Japanese and Italian flavours meet here.
- 750 gm carrots, peeled and cut into 1cm dice
- 80 ml olive oil (¼ cup)
- 125 ml hot milk (½ cup)
- 20 gm butter, diced
- 1 tbsp finely grated ginger
- 4 French-trimmed 3-cutlet lamb racks (300gm each), at room temperature
- 2½ tbsp furikake, plus extra to taste (see note)
- 1½ tsp dried chilli flakes
- 1 tbsp finely chopped rosemary
- 1 garlic clove, finely grated
- 300 gm green beans, trimmed
- 1 tsp roasted sesame oil
- Lemon wedges (optional), to serve
- 75 gm butter, diced
- 1 tbsp white miso
- 1Preheat oven to 220C. Toss carrots in 40ml olive oil in a roasting pan, season and roast until tender (15-20 minutes).

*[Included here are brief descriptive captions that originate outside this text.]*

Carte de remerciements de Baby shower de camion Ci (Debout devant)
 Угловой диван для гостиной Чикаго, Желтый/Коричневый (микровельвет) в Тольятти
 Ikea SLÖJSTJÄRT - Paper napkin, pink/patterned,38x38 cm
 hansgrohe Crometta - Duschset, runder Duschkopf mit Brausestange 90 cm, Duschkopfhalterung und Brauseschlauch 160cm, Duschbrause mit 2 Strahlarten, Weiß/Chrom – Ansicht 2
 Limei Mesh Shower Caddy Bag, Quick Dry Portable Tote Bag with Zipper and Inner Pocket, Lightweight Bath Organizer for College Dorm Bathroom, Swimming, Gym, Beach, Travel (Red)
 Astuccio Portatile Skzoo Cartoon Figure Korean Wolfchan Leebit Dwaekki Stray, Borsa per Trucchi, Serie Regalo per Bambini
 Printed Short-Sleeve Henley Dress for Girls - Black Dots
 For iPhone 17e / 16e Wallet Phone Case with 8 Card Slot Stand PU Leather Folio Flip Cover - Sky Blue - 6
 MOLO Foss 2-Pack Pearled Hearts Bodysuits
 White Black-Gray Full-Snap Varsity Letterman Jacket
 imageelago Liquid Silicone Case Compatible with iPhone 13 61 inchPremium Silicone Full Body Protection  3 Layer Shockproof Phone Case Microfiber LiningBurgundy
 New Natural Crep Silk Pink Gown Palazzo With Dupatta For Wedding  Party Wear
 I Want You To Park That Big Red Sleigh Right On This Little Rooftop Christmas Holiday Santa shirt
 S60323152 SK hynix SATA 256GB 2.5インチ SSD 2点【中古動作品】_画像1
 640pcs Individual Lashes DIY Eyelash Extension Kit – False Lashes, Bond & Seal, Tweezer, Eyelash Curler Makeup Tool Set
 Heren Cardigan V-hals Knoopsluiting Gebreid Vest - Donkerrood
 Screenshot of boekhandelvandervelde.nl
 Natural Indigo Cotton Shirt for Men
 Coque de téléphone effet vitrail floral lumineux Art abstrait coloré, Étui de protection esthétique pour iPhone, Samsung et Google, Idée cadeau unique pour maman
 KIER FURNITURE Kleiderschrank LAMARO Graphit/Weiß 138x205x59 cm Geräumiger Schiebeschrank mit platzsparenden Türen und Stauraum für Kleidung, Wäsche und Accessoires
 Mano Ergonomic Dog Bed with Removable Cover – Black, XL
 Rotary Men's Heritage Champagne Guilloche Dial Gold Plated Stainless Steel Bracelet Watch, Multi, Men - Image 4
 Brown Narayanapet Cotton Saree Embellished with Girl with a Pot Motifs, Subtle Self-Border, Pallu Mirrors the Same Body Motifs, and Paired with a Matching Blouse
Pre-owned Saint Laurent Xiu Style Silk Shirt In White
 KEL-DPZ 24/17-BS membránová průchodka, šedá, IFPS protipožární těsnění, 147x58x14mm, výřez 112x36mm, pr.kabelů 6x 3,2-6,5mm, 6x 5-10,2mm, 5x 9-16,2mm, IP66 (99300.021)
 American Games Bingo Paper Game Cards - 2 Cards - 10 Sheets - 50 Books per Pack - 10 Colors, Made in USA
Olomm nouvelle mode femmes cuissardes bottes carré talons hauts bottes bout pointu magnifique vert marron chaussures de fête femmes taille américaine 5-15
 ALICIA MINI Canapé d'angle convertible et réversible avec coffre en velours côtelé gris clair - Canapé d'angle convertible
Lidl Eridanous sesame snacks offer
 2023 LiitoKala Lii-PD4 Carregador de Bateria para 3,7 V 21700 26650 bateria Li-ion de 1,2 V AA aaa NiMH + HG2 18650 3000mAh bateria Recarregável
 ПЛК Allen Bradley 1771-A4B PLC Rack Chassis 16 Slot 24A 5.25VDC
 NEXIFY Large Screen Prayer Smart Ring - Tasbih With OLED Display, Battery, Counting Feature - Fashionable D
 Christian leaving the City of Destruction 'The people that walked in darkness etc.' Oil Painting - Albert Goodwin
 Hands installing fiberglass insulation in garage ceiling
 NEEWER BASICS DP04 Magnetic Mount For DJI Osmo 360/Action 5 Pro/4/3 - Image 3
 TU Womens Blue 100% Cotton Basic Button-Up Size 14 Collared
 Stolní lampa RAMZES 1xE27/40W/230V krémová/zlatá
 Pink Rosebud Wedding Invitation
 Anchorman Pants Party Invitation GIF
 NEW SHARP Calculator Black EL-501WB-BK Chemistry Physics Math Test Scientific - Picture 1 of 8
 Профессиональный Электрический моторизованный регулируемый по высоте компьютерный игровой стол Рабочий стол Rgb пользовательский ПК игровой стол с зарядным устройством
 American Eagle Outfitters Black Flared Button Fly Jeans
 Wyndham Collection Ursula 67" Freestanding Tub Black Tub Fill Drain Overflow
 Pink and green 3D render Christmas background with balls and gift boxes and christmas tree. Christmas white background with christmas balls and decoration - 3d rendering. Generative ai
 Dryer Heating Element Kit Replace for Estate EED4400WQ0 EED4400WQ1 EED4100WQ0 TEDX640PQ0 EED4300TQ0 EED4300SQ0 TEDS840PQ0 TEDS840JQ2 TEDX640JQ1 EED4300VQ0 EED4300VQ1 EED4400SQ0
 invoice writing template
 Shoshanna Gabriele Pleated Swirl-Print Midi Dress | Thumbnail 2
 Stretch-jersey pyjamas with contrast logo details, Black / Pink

Transfer to a blender and blend with milk, butter and ginger, and season to taste.
- 2Meanwhile, heat 1 tbsp oil in a large ovenproof frying pan over medium-high heat, add lamb fat-side down and cook, turning occasionally, until browned all over (3-4 minutes). Combine furikake, chilli, rosemary and garlic in a small bowl, then press over the fat-side of lamb, transfer to oven and roast until cooked to your liking (8-10 minutes for medium-rare). Rest for 5 minutes.
- 3Toss beans, sesame oil and remaining olive oil in a roasting pan, season and roast until tender (8-10 minutes). Season to taste with furikake.
- 4For miso butter, melt butter in a small saucepan, whisk in miso and keep warm.
- 5Serve lamb cutlets with carrot-ginger purée, roasted beans, miso butter and lemon wedges.
Furikake, a Japanese seasoning of bonito flakes, sesame seeds and nori, is available from Asian grocers and health-food shops.